You move further from one part of the ring, and as before, its gravitational influence decreases according to the inverse square law. And as before, you can see more of it, but now the amount of extra that you see only grows linearly, not quadratically. Similarly, the section of ring that you get closer to attracts you more strongly, again as an inverse square, but now while it's true that there is less of the ring attracting you, the decrease is only linear, but the increase in gravitational attraction of that piece is quadratic.
So as you get off centre the gravitational forces drag you further in the same direction.
And so it is with the ring of steel around the Earth. Even the smallest displacement from being exactly centered means that it will carry on in the same direction, accelerating gently, until some part of the ring impacts the Earth. The section of ring on the opposite side will rise accordingly, defying all reason for the people who might be standing nearby.
Some of my readers will be familiar with "Ringworld" by Larry Niven. After it was published, apparently lots of people wrote to Niven, some with indecent glee, pointing out that the Ringworld system was unstable. I don't know if this was intentional, or if Niven made a virtue of a necessity, but the stability of the system was a major plot point in the sequel, explaining how it all worked.
But at the time I never did understand why people said the system was unstable, the explanations via calculus were ... unsatisfying. I find this qualitative explanation really useful to see how and why it works, and I'm grateful to Bill for proposing this variant of the classic problem.

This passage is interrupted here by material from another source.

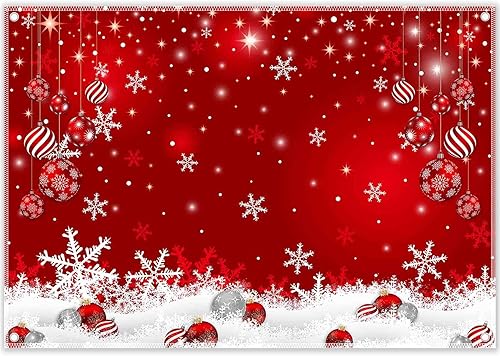 Swepuck Fondo de fotografía de copos de nieve de Navidad de tela de 7 x 5 pies, fondo de bola roja de nieve blanca de invierno, decoraciones de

There's a further reference in "Dragon's Egg" by Robert L Forward. Tidal forces are stretching in the direction of the centre of mass, and compressive perpendicular to that. This is exactly opposite to the gravitational forces at the centre of a ring, so tidal forces in orbit can be (in theory!) counteracted by having a suitably massive ring of material in the right orientation at the right distance. This is important when you're in orbit around a neutron star.